GOAL OF THE EXERCISE =
Give again, word for word, the lines below that run from the line with "Workshop Lights for" through the line with "Photo 5 from". Drop the pictures.

DATA RECORDS =
*** Block opens ***

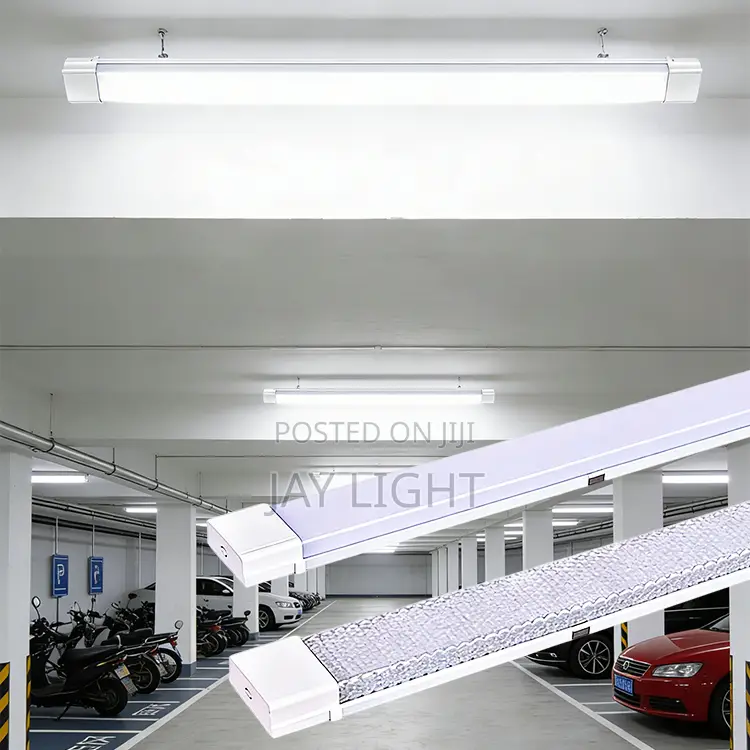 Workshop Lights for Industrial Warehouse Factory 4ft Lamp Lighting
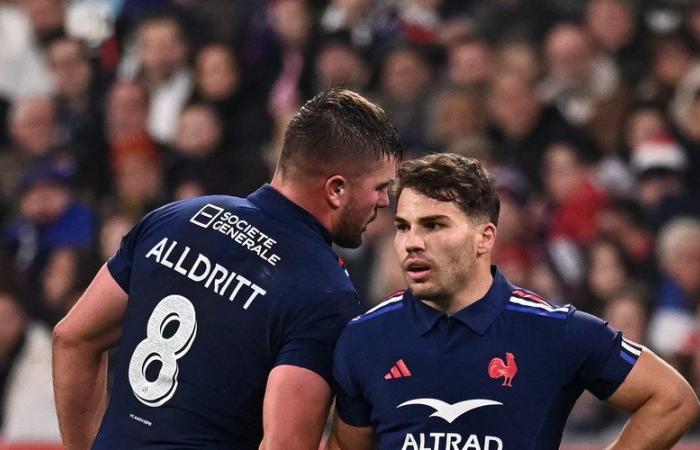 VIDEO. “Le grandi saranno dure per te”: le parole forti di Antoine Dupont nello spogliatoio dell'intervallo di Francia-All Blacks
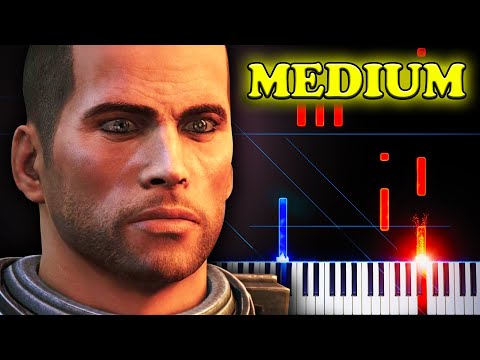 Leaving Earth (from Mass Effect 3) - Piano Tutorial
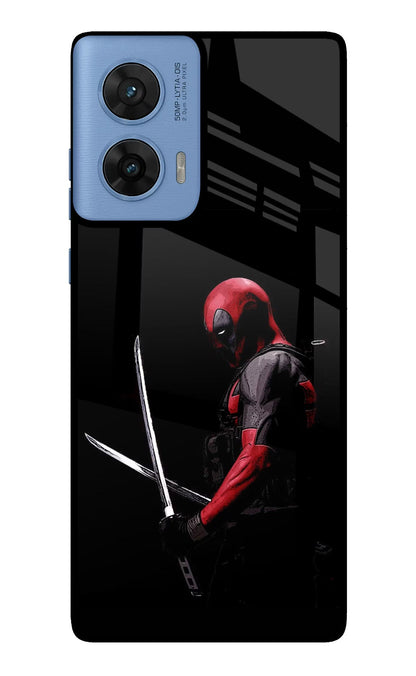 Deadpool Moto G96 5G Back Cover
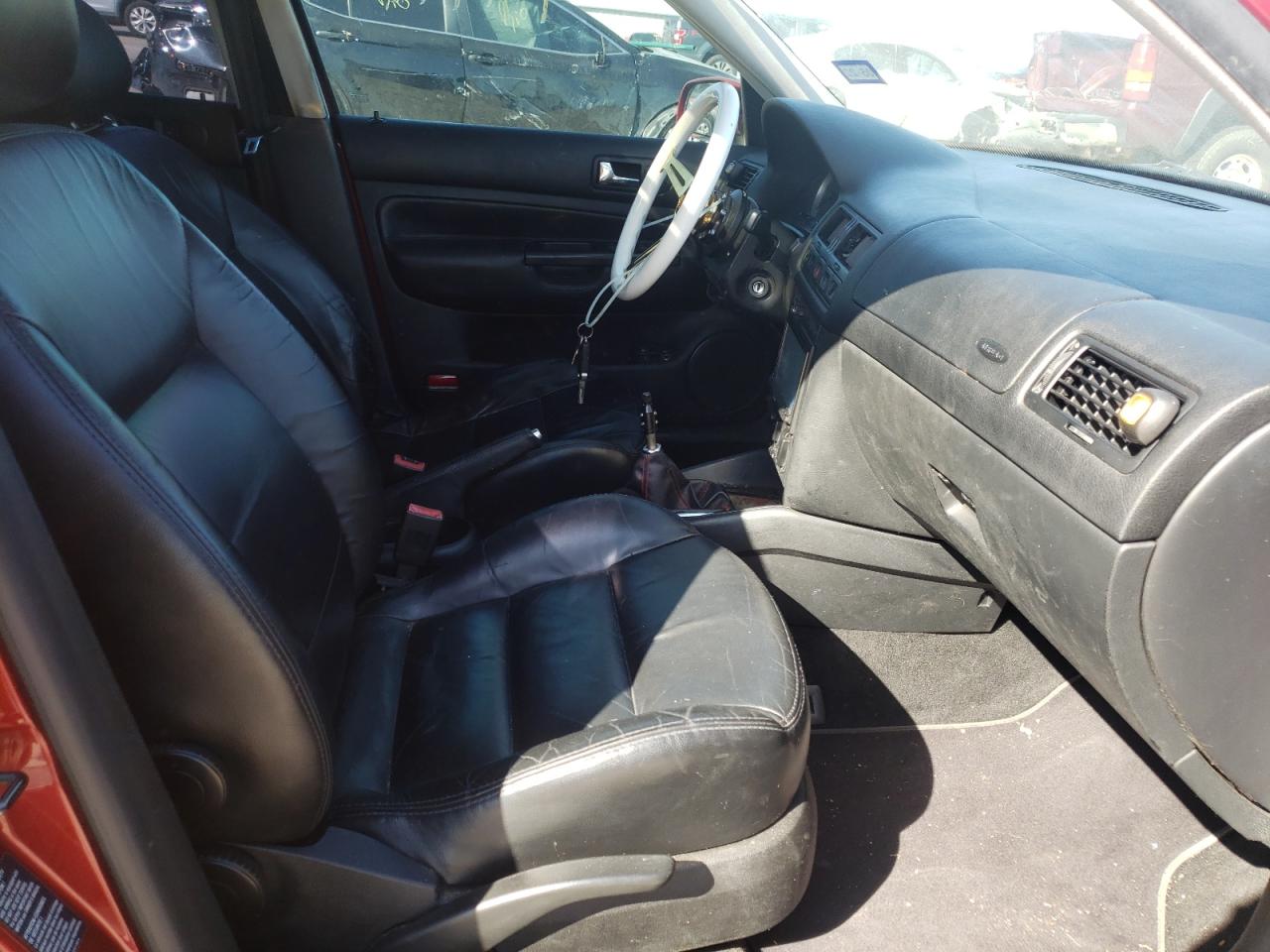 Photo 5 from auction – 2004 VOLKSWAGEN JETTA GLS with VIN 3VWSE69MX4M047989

*** Block closes ***
*** Block opens ***

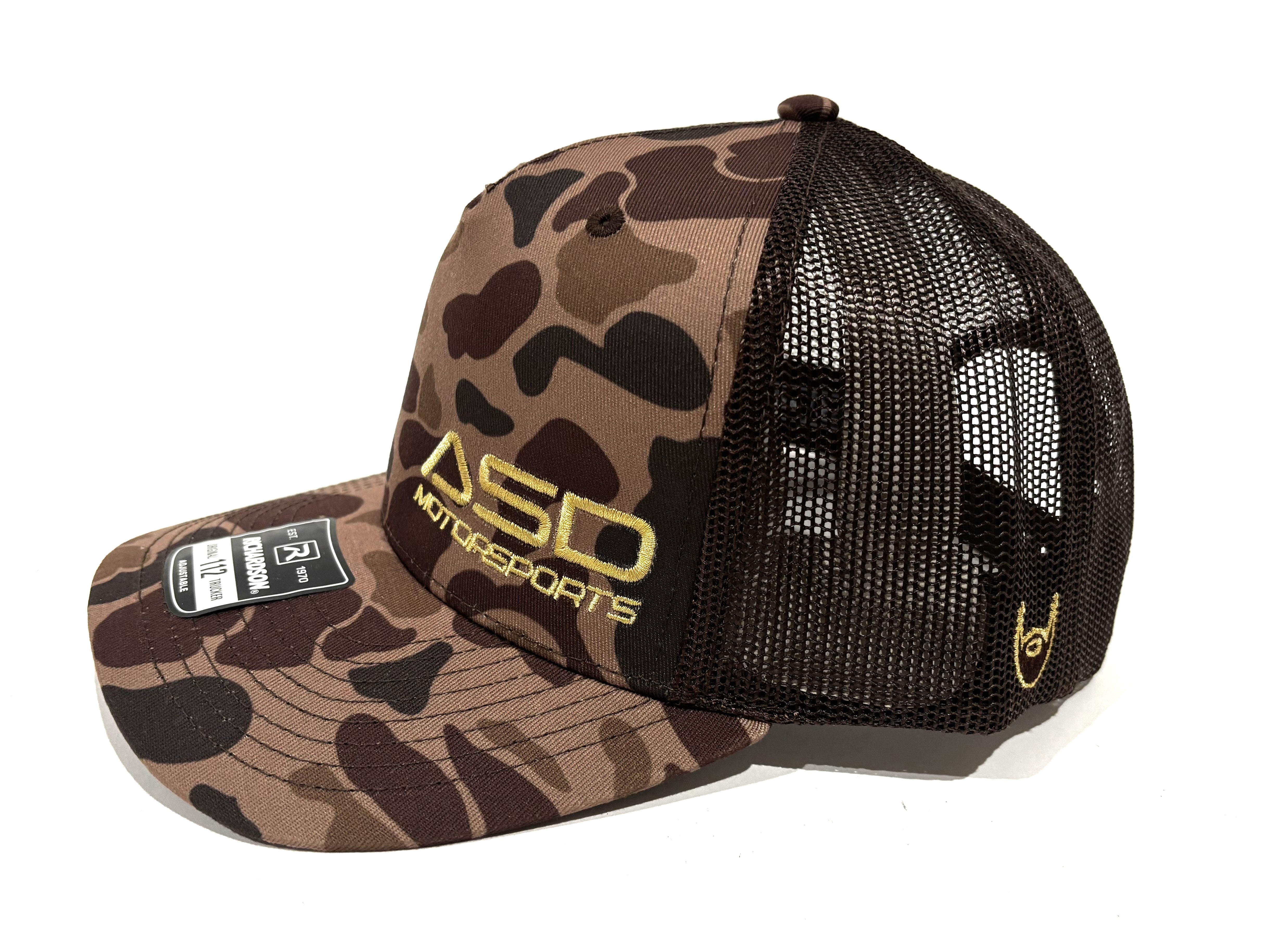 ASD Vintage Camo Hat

*** Block closes ***
*** Block opens ***

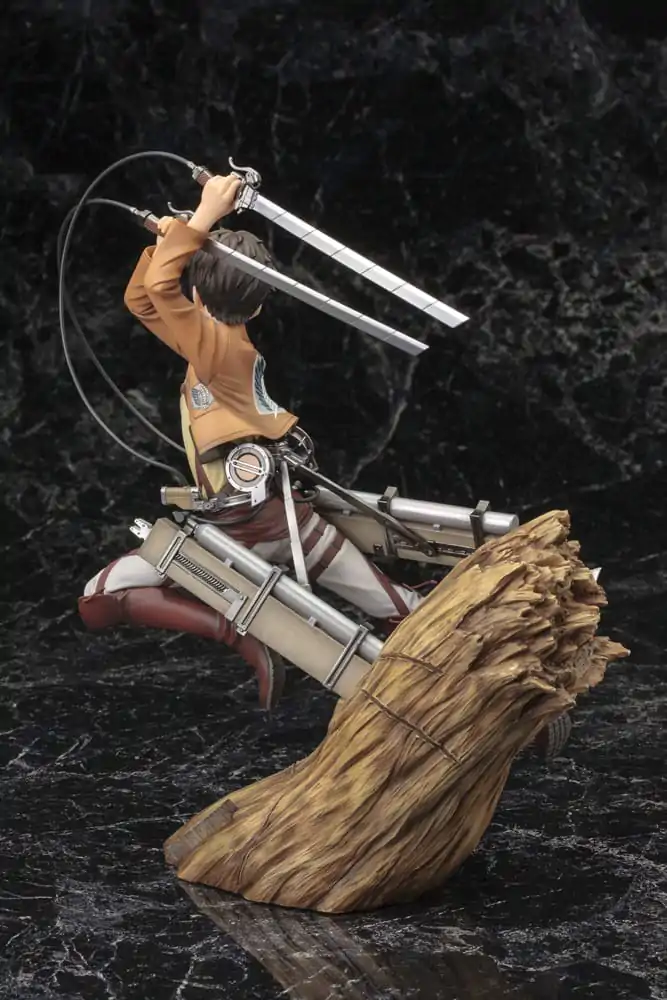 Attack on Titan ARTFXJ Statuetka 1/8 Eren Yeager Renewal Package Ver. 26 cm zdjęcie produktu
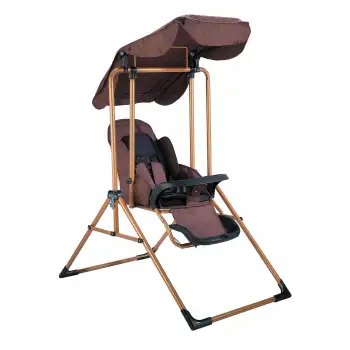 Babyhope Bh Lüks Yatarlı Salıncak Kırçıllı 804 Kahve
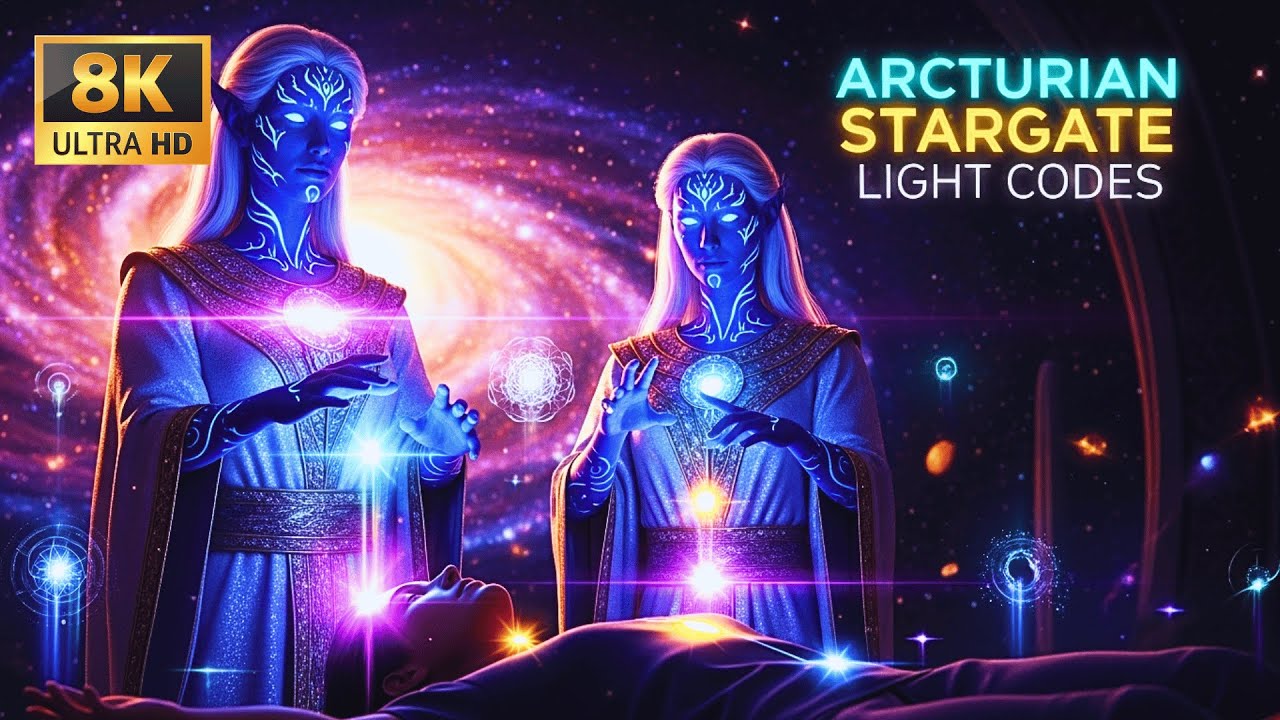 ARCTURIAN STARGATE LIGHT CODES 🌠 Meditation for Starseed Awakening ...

*** Block closes ***

OUTPUT BELOW =
 Workshop Lights for Industrial Warehouse Factory 4ft Lamp Lighting
 VIDEO. “Le grandi saranno dure per te”: le parole forti di Antoine Dupont nello spogliatoio dell'intervallo di Francia-All Blacks
 Leaving Earth (from Mass Effect 3) - Piano Tutorial
 Deadpool Moto G96 5G Back Cover
 Photo 5 from auction – 2004 VOLKSWAGEN JETTA GLS with VIN 3VWSE69MX4M047989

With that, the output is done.